Simon Wilkinson [Thu, 24 Mar 2011 12:28:10 +0000 (12:28 +0000)]
vlserver: Add options for config, log and db
Make it possible to set the location of the vlserver's configuration
directory, database file, and the file that it logs to, from the
command line. This makes it possible to bring up a vlserver without
requiring an installation on the system for testing purposes.
Andrew Deason [Thu, 31 Mar 2011 17:51:44 +0000 (12:51 -0500)]
salvager: Do not AskDelete on GetInodeSummary fail
GetInodeSummary can fail due to a number of different reasons, not
just because the VG doesn't exist. If, for example, we just fail to
write the temporary inode file, we will return with an error, but we
should not AskDelete the volume in that instance.

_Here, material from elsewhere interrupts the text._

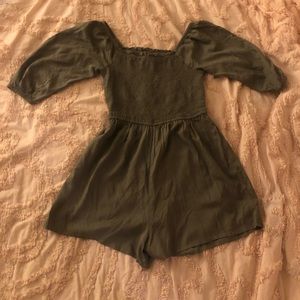 Olive Green Romper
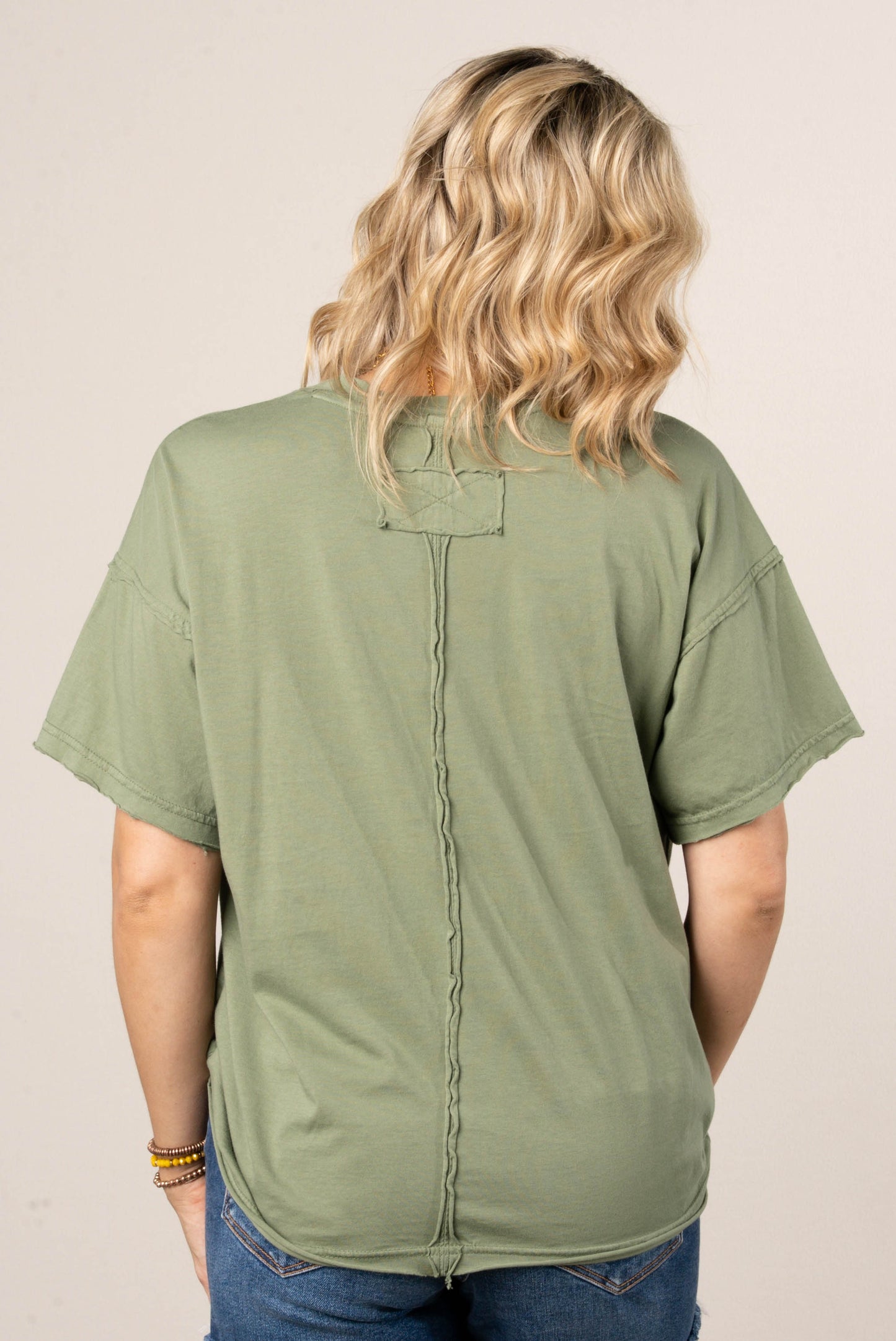 Washed Raw Seamed Tee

GetInodeSummary already has code to delete the volumes in question
when no inodes are found, so remove the extra AskDelete after
GetInodeSummary returns.
Andrew Deason [Thu, 31 Mar 2011 22:22:12 +0000 (17:22 -0500)]

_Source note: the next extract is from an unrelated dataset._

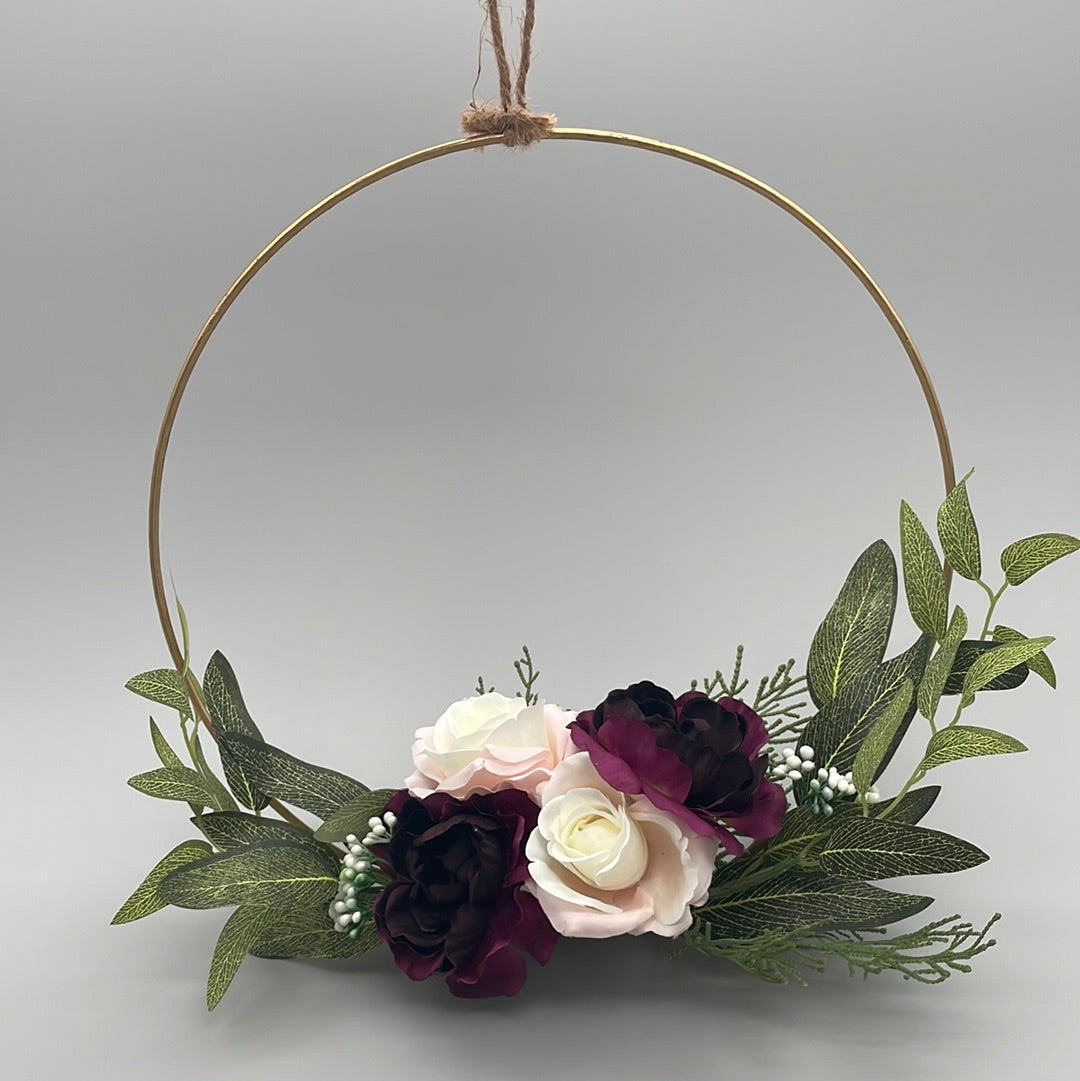 Deko zum aufhängen mit Kunstblumen | Deko hängend von Wimpelberg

salvager: Error volumes on GetInodeSummary errors
When GetInodeSummary fails due to an internal failure (not from just
failing to find applicable inodes), currently it just returns an
error, and does not return the checked-out singleVolumeNumber back to
the fileserver.
When we fail to gather inodes, we should force the volume to an error
state, since we haven't salvaged the volume. But if we fail to find
any applicable inodes, we just want to VOL_DONE the volume, since the
header has possibly been destroyed, and the volume doesn't exist.
So, issue an FSYNC_VOL_FORCE_ERROR command when we encounter errors in
GetInodeSummary, except when we fail to find applicable inodes.

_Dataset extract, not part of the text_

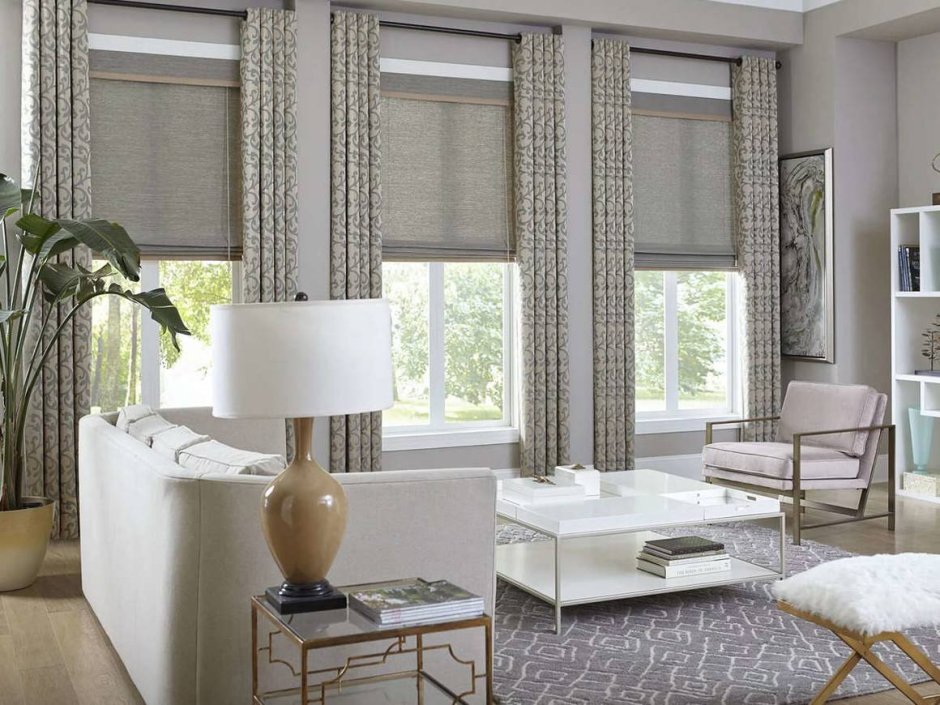 Жалюзи на широкое окно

Marc Dionne [Wed, 6 Apr 2011 01:30:20 +0000 (21:30 -0400)]
ubik: don't rely on timeout value after select()
The value of timeout after a select() call should be considered
undefined; relying on its value is not portable.
Since IOMGR_Select doesn't modify the timeout it is given, the
intention of the code seems to be to wait for gradually increasing
timeout values, starting at 50ms. At least under Linux, the
timeout gets set to 0 by select() if it waited for the full specified
time, resulting in a much shorter maximum possible wait period.
Initialize the timeout value for each loop according to the existing
logic, to get consistent behaviour between the lwp and pthreaded code.
Andrew Deason [Tue, 5 Apr 2011 19:51:26 +0000 (14:51 -0500)]
Correct strftime callers
Some strftime callers were not using the resultant string
appropriately. Correct them to have the same behavior as when we were
using afs_ctime (which included a trailing newline).
Marc Dionne [Fri, 4 Feb 2011 01:51:06 +0000 (20:51 -0500)]
ubik: Introduce version lock
The "version" lock is a new lock that protects the database version
information. The goal is to allow the beacon thread to use the
protected values without blocking for an extended period of time,
which could occur if it was using the database lock.
Reading requires holding either lock, while writing requires holding
both locks.
The following values are protected:
ubik_epochTime
db->version
db->flags
db->tidCounter
db->writeTidCounter
Based on analysis and design work from Jeffrey Hutzelman.